An Attempt at a Film Review: Possession (1981)

The obvious comparison most will draw from watching Andrzej Zulawski’s Possession (1981) is to Lars Von Trier’s Antichrist (2009). The difference between the two for me was that I did not feel compelled to write anything about Antichrist as much as I, to use an awkward word here, enjoyed it. Possession is labeled a horror film and it is more terrifying than any genre horror flick. True to the genre, it has a monster, but it is a footnote to the terror of its exploration of madness. Sleep doesn’t come easy after Possession, because it feels like I’ve just woken up from a two-hour dream of reassuring and strangely comforting insanity.

The plot revolves around a crumbling marriage (and other vague elements which are mostly left unexplained), but all in all it appears to be about schizophrenia. The madness is Anna’s, played by the lovely Isabelle Adjani, and partly her husband’s, played by the equally lovely Sam Neill. The fragmented narrative delivers the impact of their insanity to the viewer and creates a disturbing projection of mental illness for us to embrace. The aim is to erase, for a moment, the fine line between everyday rationality and the threat of incomprehensibility.

The enjoyment to be had from the sublime mental disturbance that should perturb the viewer comes from the contrast between one’s immersion into the film and the sane and easygoing world of reason one has to return to, where bills have to be paid and small talk prevails. While I was coming out of it, my mind wandered to a brief conversation with an acquaintance in the office corridor. What did I say to him? Did I make sense? Or did he perhaps catch a candid remark and saw that I was so far gone as to not care about making sense anymore? Did I Charlie Sheen him? For a moment I was sure I was to be committed on the basis of that brief exchange.
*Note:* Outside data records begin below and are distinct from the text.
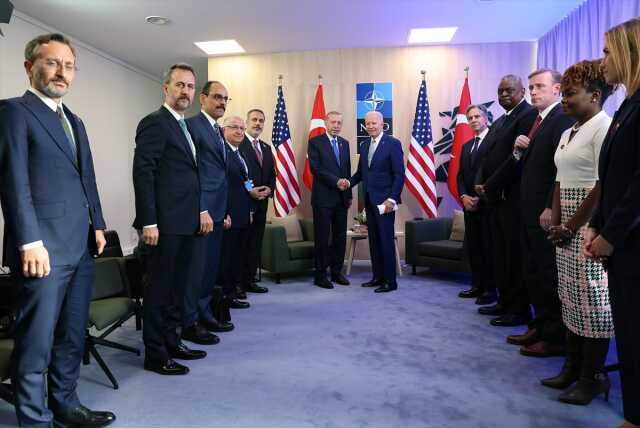 Cumhurbaşkanı Erdoğan: Bundan önceki buluşmalarımız adeta ısınma turları gibiydi, ama şimdi yeni bir süreci başlatıyoruz Cumhurbaşkanı Erdoğan: Bundan önceki buluşmalarımız adeta ısınma turları gibiydi, ama şimdi yeni bir süreci başlatıyoruz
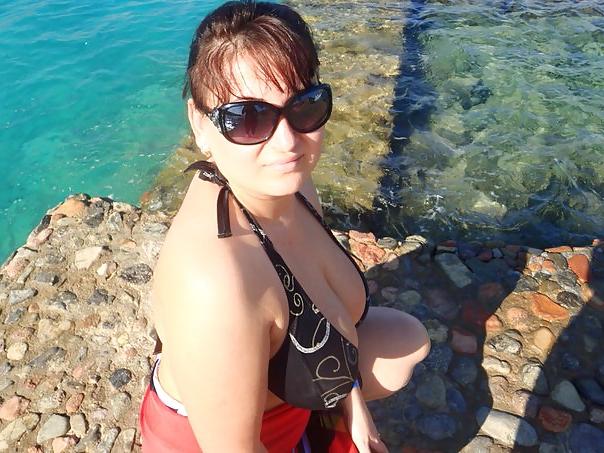 16P Busty Russian Woman 2045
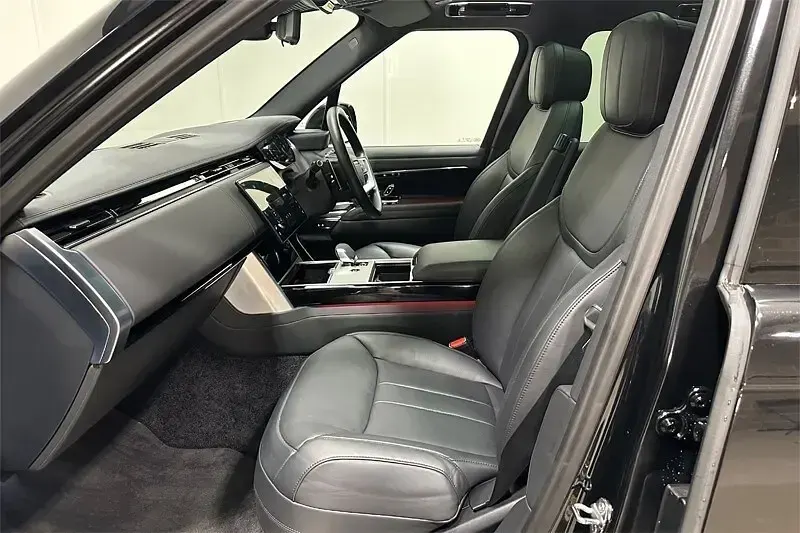 Used Land Rover Range Rover HSE 345 HP (253 kW) 2024 Black SUV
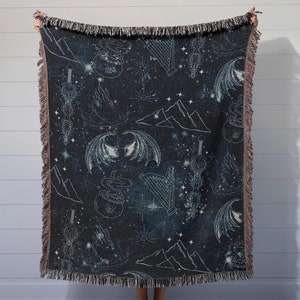 Fantasy Woven Blanket Tapestry - Maasverse-Inspired with TOG, Crescent City, ACOTAR Themes - Perfect for Bookish Bookworm & Booktok Fans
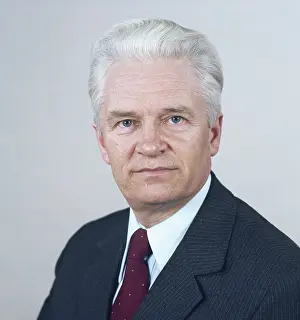 Silayev: Ivan Silayev, Soviet Minister of Aviation Industry, 1981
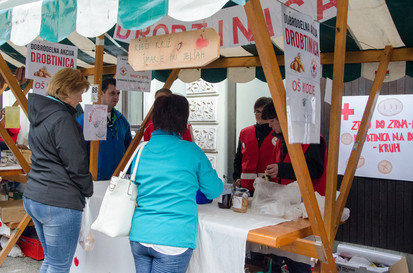 stojnica na prazniku Kozjanskega jabolka v Podsredi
Watching Adjani thrash about in the famous subway scene was not nearly as disturbing as seeing her abusing one of her pupils in ballet class, or listening to her monologue about fate and chance. The small slips that betray madness are always more interesting and shocking to watch — it’s a cliche, but things sold by the gram are always more exciting than things sold by the pound. Schizophrenic language has some qualities of poetry, although it is rarely as disciplined of course, and it is easier for these slips to be transferred to the viewer in art because similar linguistic exploration is licenced by the artistic medium. One seldom voiced rule of poetry says that it is on the same plane as madness, but nevertheless distanced from the register of actual lunacy.

Michaux was mentioned in Possession by Anna’s kooky lover Heinrich. In Michaux’s book on mescaline, the author at one point discards language and begins to draw nonsensical pictures. Language breaks down and is replaced by images. His simulated madness realizes language is mute at its core. Schizophrenic language — which should be distinguished from the language of the schizophrenic — doesn’t say anything and yet says too much by underscoring the impotence of language through free association and repetition, and this was very clearly conveyed by Adjani’s relentless performance. It’s a scary thought, if there really are such things as thoughts.

For the longest time, it has been fashionable to talk of language as being mere surface. Truth and meaning have been reduced to ciphers in communication and content (thoughts, ideas, call them what you will) has been deemed a mirage of the linguistic webs we weave to fool ourselves into thinking that there is something behind the veil of words we dress ourselves in. For the first time I find myself appalled by the thought; whether it is because I find myself using the word thought in an unqualified sense of the word or because I know I do so out of despair, I don’t know.

Perhaps the terror comes from precisely this catch-22: the only way to find faith in truth, or find faith in general, is to act in despair and deny the obvious, but a faith in denial is no faith at all and what in fact remains is a recognition of the hopelessness of faith. Something has been gained from this hopelessness, faith itself, but it is sullied by the very means of its birth. There is a word for this in religion: sin. Why accepting faith as an option in this situation is the solution religion offers is still a mystery to me.

If this is what Possession tries to hint at, it means to say the human mind is an aberration, a freakish accident of nature that never should have happened. The fall from grace, forbidden knowledge, consciousness, they all point to a rationalization of rationality by reason to justify its own sordid existence. It’s a rather bleak conclusion to draw from a fine film, but I hope it makes sense. God, I really do.